Di banyak keluarga, pendidikan tinggi bagi perempuan masih dianggap tidak terlalu penting dibandingkan laki-laki. Anggapan bahwa perempuan pada akhirnya akan menjadi ibu rumah tangga membuat mereka kurang mendapatkan kesempatan untuk menempuh pendidikan yang lebih tinggi. Selain itu, di beberapa daerah, pernikahan dini masih terjadi atas alasan ekonomi atau norma budaya yang menganggap perempuan yang belum menikah sebagai satu hal yang kurang baik. Apalagi pada usia tertentu, perempuan seringkali dituntut untuk menikah. pertanyaan “Mau tunggu apalagi?” “Nanti jadi perawan tua” menjadi satu label yang membuat perempuan tak dapat secara bebas menentukan kehendak kapan menikah. Posisi inilah yang menandakan pada dasarnya perempuan masih banyak yang berada dalam posisi terdiskriminasi dan banyak dari kita yang memilih “menormalisasi-nya.”

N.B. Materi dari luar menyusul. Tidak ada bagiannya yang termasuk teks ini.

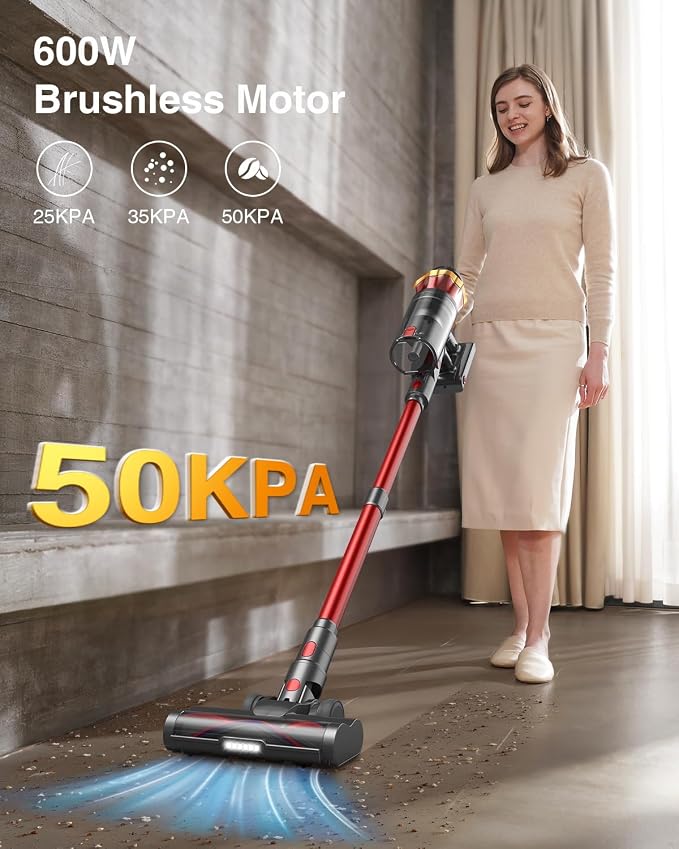Cordless Vacuum Cleaner, 600W/50KPa/70Mins Vacuum Cleaners - Image 2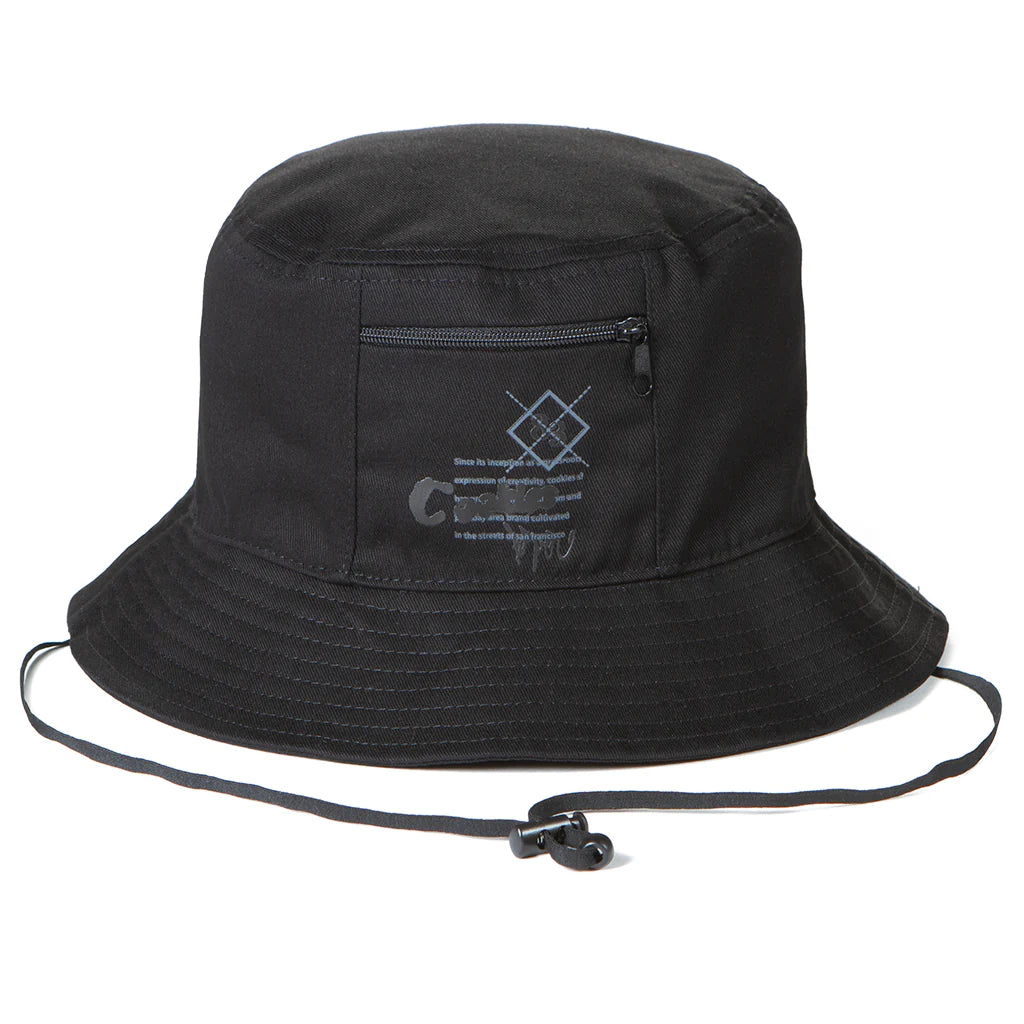 Close-up of Cookies Key Largo Black Bucket Hat with logo detail and adjustable chin strap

PKBI Daerah Bali terus berupaya untuk menghapus diskriminasi ini dengan berbagai cara. Melalui Kisara PKBI Bali, kami memberikan edukasi kepada remaja dan kelompok sebaya mengenai pentingnya keadilan gender. Selain itu, PKBI juga melakukan advokasi berbasis bukti kepada pemerintah, termasuk Dinas Kesehatan dan Dinas Pemberdayaan Perempuan serta Perlindungan Anak. PKBI Bali mendorong program yang berperspektif adil gender dan pemenuhan hak kesehatan seksual dan reproduksi yang komprehensif. Tak hanya itu, PKBI juga menyediakan layanan kesehatan dan konseling untuk kekerasan berbasis gender, melalui Klinik Catur Warga. Memastikan agar perempuan mendapatkan akses yang adil terhadap informasi dan layanan kesehatan.
Terakhir, meskipun sudah ada kemajuan dalam upaya penghapusan diskriminasi terhadap perempuan, masih banyak tantangan yang harus dihadapi. Oleh karena itu, diperlukan kesadaran dan partisipasi aktif dari semua pihak. Pemerintah, organisasi masyarakat, maupun individu berkewajiban untuk terus memperjuangkan kesetaraan gender. Perempuan bukan warga negara kelas dua, dan perjuangan untuk hak-hak perempuan bukanlah sebuah eksklusifitas, melainkan bentuk inklusivitas afirmasi atas kondisi perempuan yang lekat dengan berbagai pandangan bias sehingga membutuhkan kebijakan atau intervensi khususnya untuk kemudian membentuknya setara. Bersama-sama menciptakan lingkungan yang lebih adil, di mana setiap perempuan memiliki hak yang sama untuk bermimpi, berkarier, dan hidup tanpa diskriminasi.